TASK INSTRUCTIONS:
Your reply must hold the lines from the one containing "M&T Set met" to the end of the entries, copied exactly, with pictures excluded.

SUPPLIED MATERIAL:
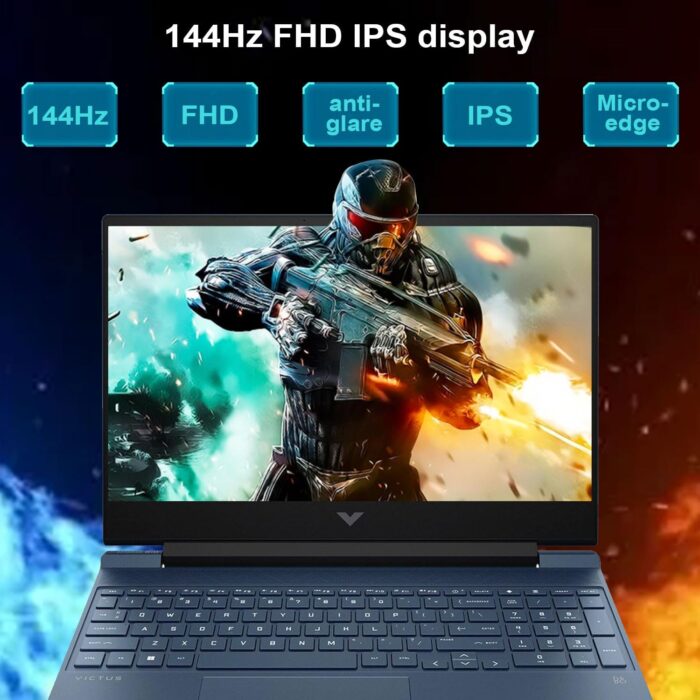 HP Victus 15.6 i5 Gaming Laptop, 15.6" FHD 1920x1080 144Hz, Intel Core i5-12450H, NVIDIA GeForce RTX 3050, 32GB RAM, 1TB SSD, Backlit KB, Touchpad, SD Card Reader,(UPGRADE) - Image 3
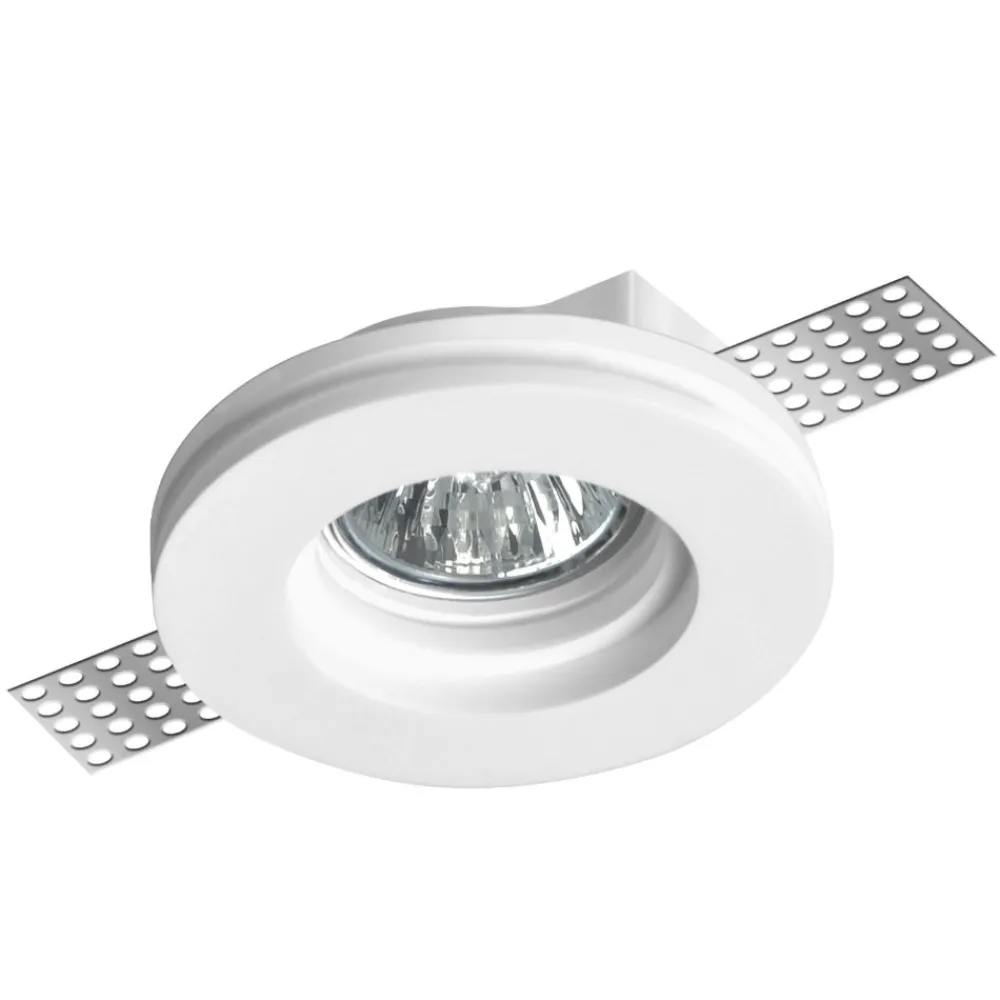 Faretti Da Incasso-Selezionato da Mazzolaluce Faretto in gesso rotondo da incasso per soffitto gu10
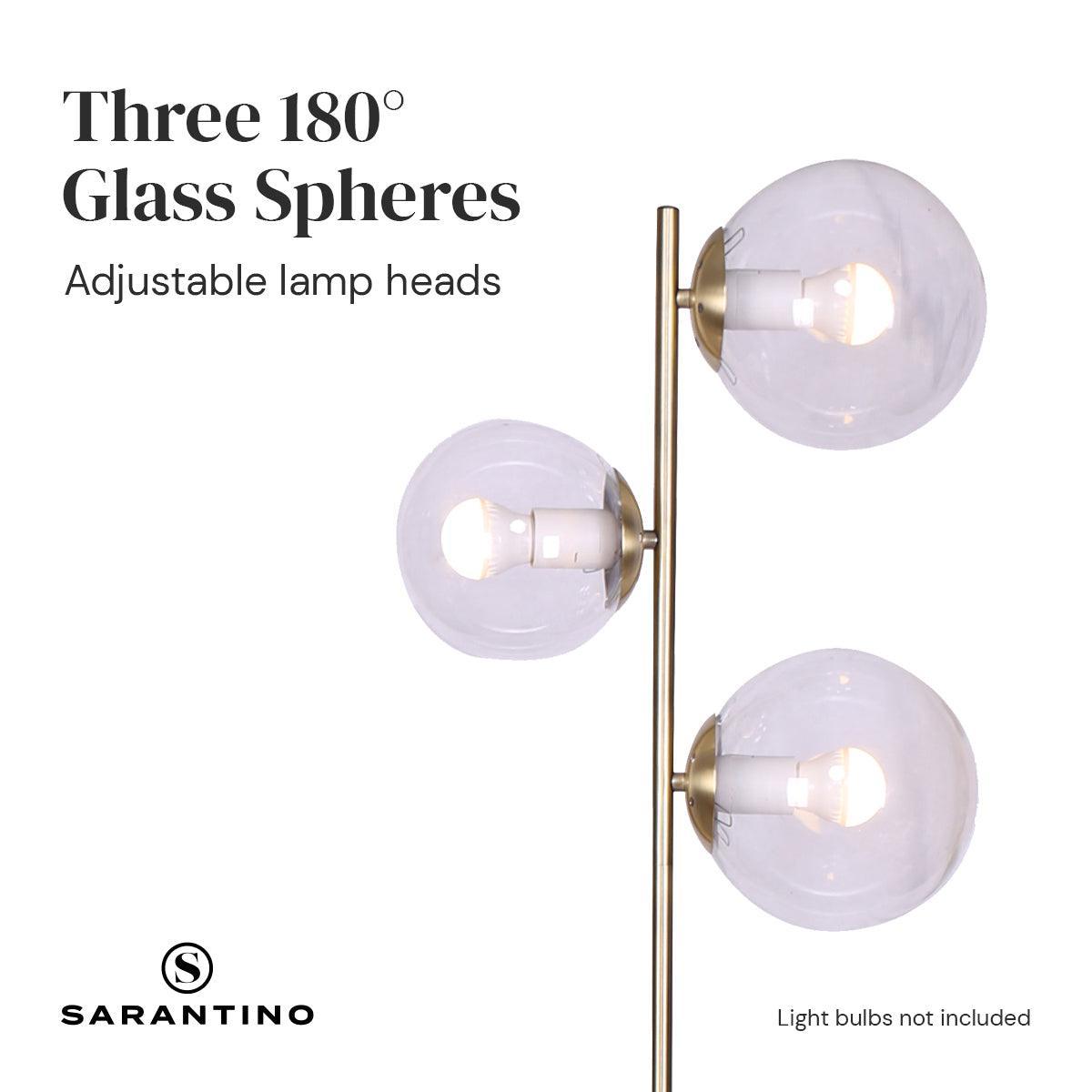 Sarantino 3-Light Gold Metal Floor Lamp with Glass Shades - John Cootes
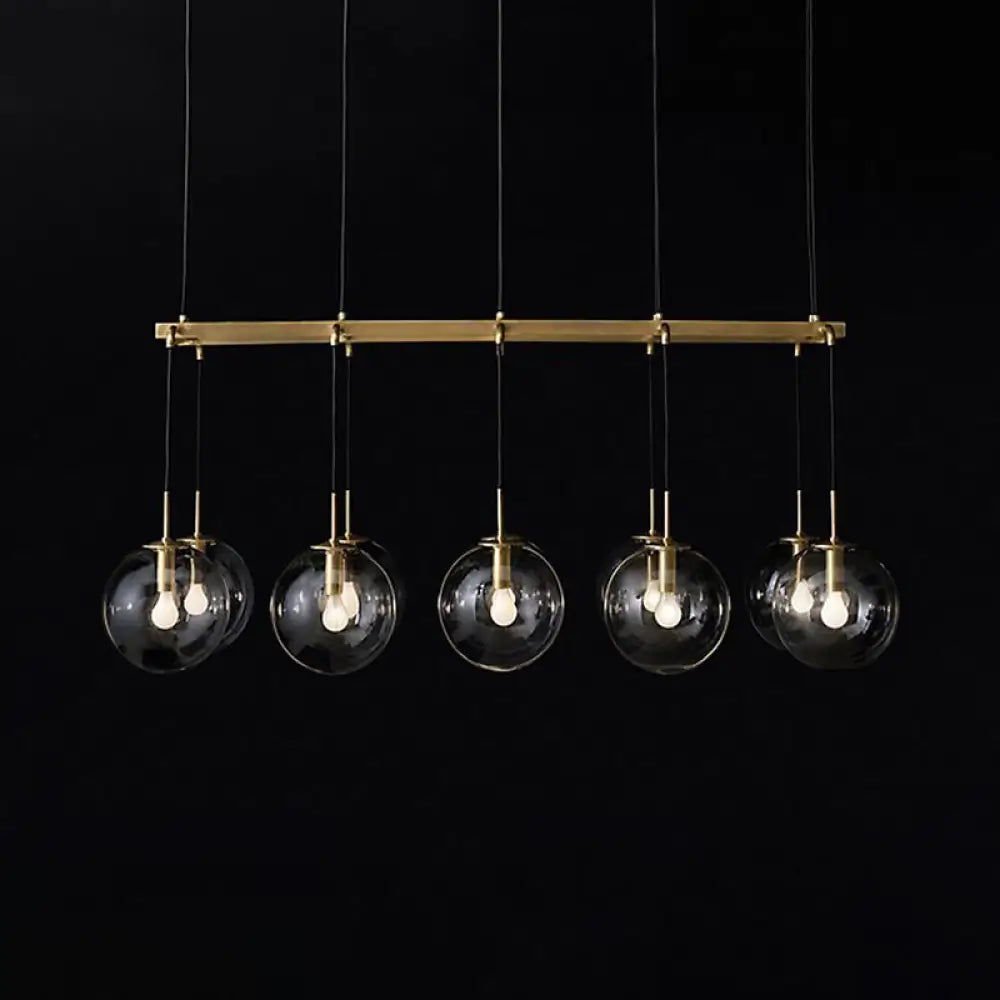 Industrial Smoke Glass Island Lighting 6/8/10-Light Nickel/Bronze Led Pendant Fixture 10 / Bronze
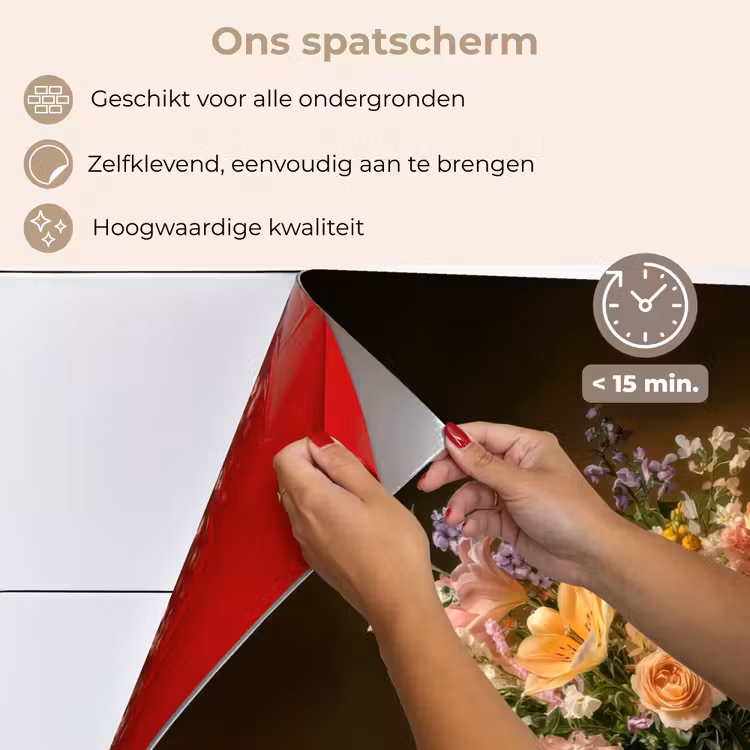 Glazen - Bloemen - Boeket - Kleuren keuken achterwand spatscherm klein -spatscherm_NL
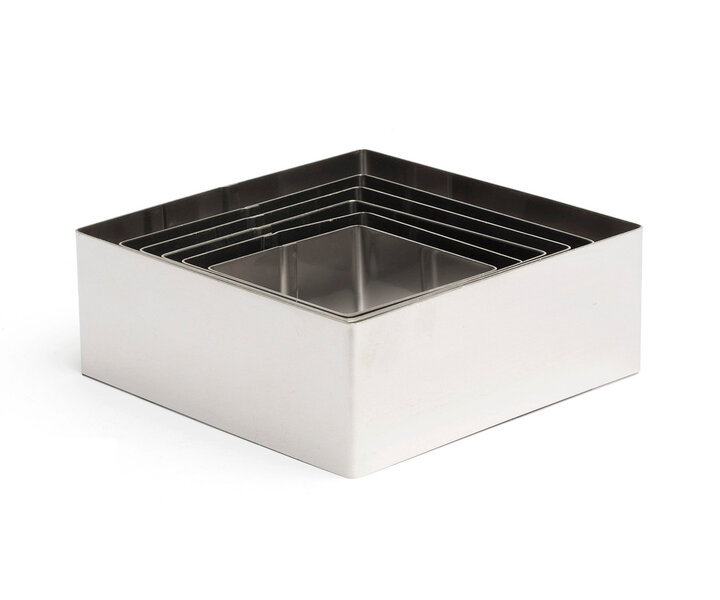 M&T Set met 6 effen vierkante mousse- / taartringen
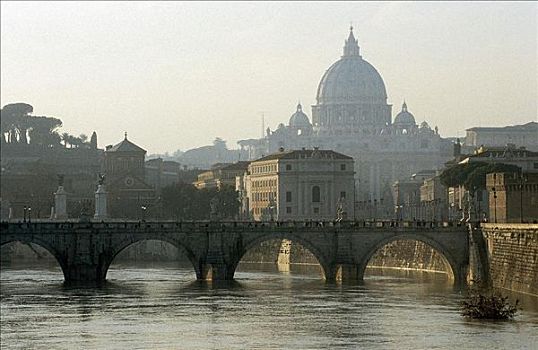 台伯河,桥,教堂大街,罗马,意大利,欧洲,世界遗产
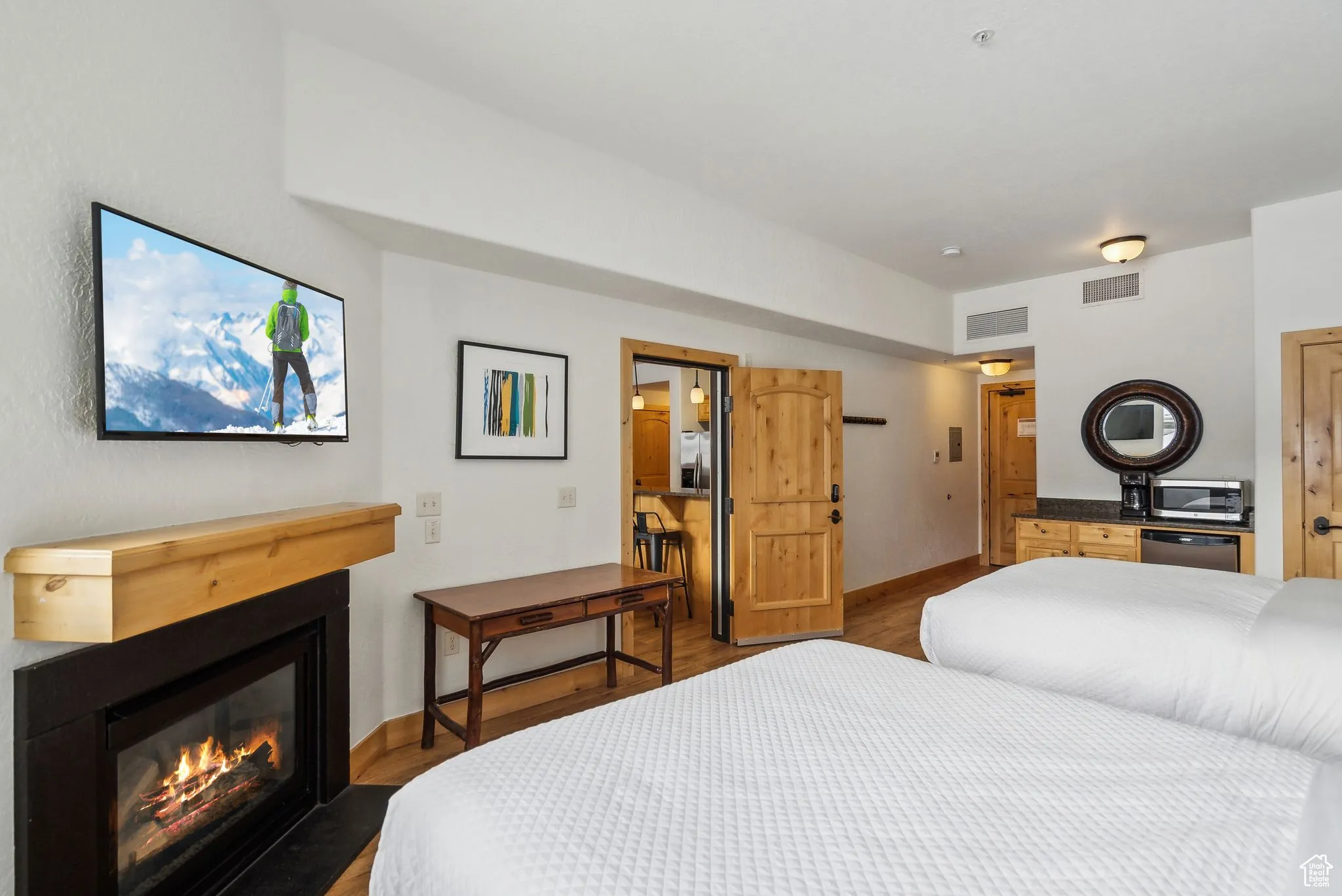Bedroom featuring hardwood / wood-style flooring
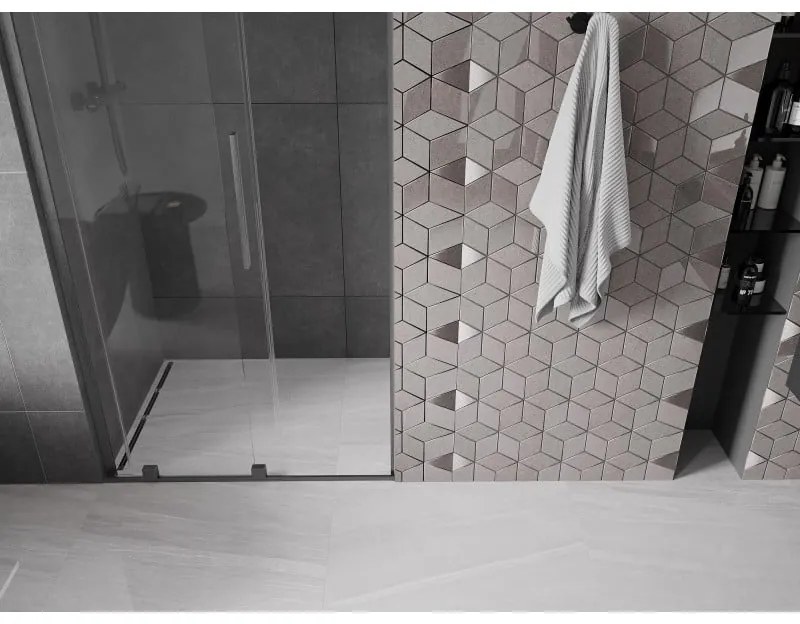 Mexen Velar L, posuvné sprchové dvere do otvoru 90 cm, 8mm číre sklo, grafit brúsený, 871-090-003-01-66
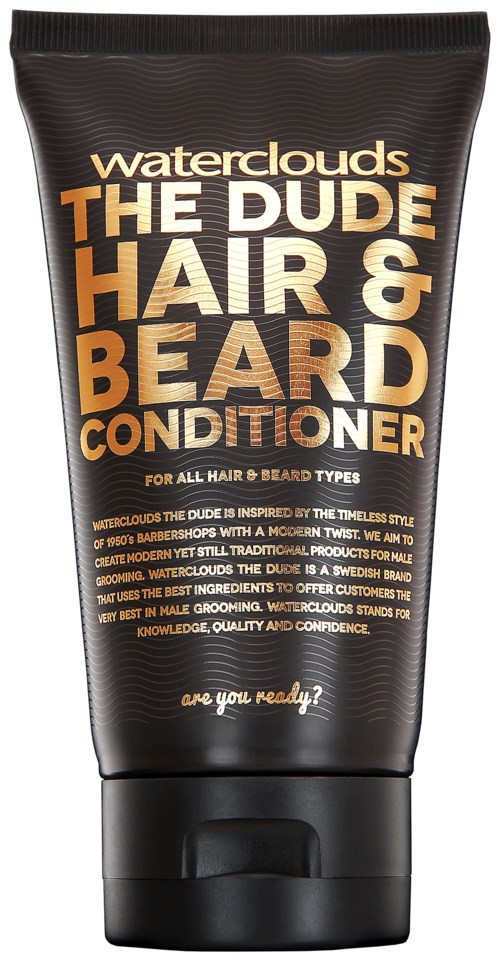 A black tube labeled Waterclouds The Dude Hair & Beard Conditioner, suitable for all hair and beard types.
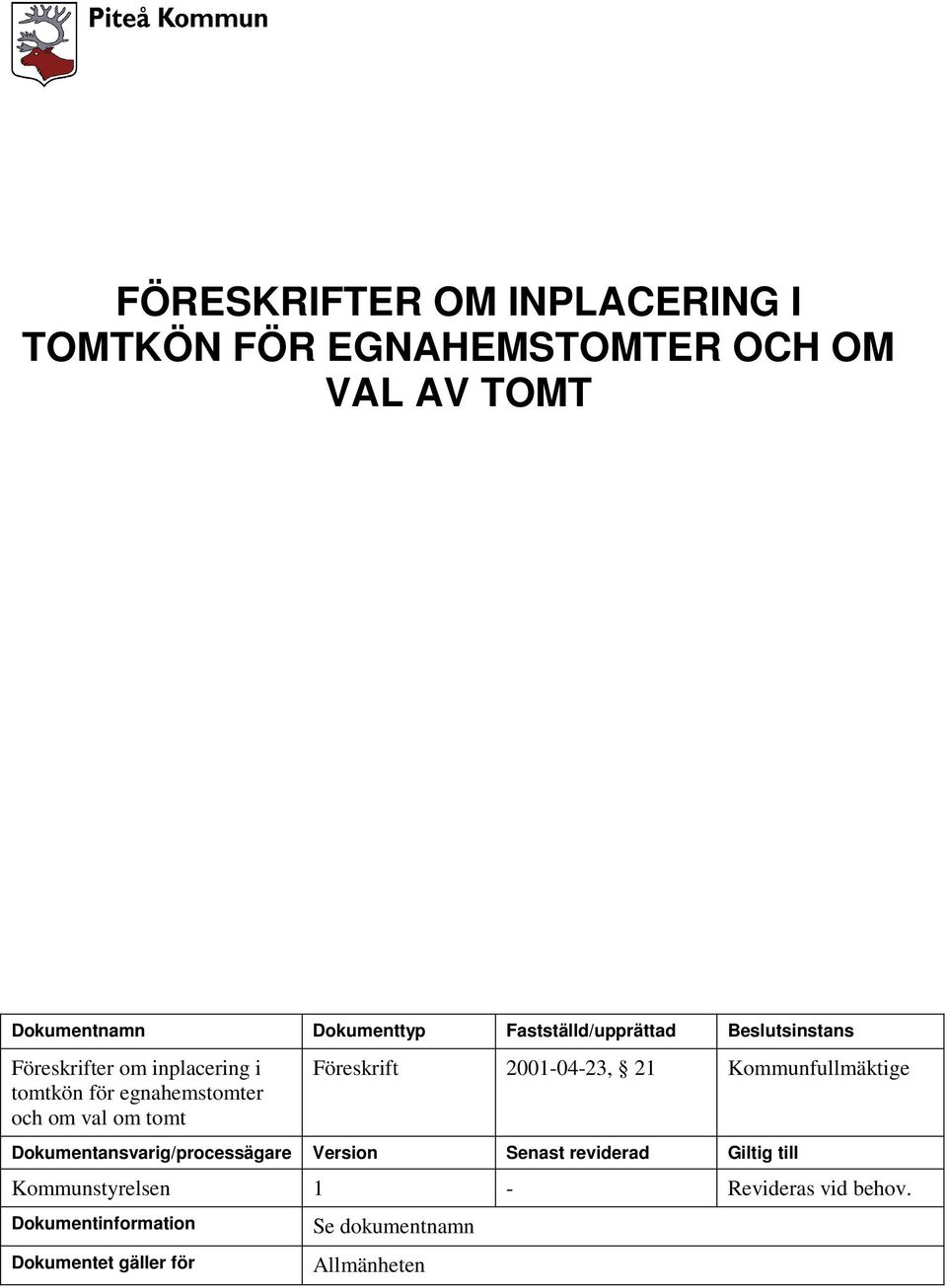 tomt Föreskrift 2001-04-23, 21 Kommunfullmäktige Dokumentansvarig/processägare Version Senast reviderad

EXERCISE RESPONSE:
 M&T Set met 6 effen vierkante mousse- / taartringen
 台伯河,桥,教堂大街,罗马,意大利,欧洲,世界遗产
Bedroom featuring hardwood / wood-style flooring
 Mexen Velar L, posuvné sprchové dvere do otvoru 90 cm, 8mm číre sklo, grafit brúsený, 871-090-003-01-66
 A black tube labeled Waterclouds The Dude Hair & Beard Conditioner, suitable for all hair and beard types.
 tomt Föreskrift 2001-04-23, 21 Kommunfullmäktige Dokumentansvarig/processägare Version Senast reviderad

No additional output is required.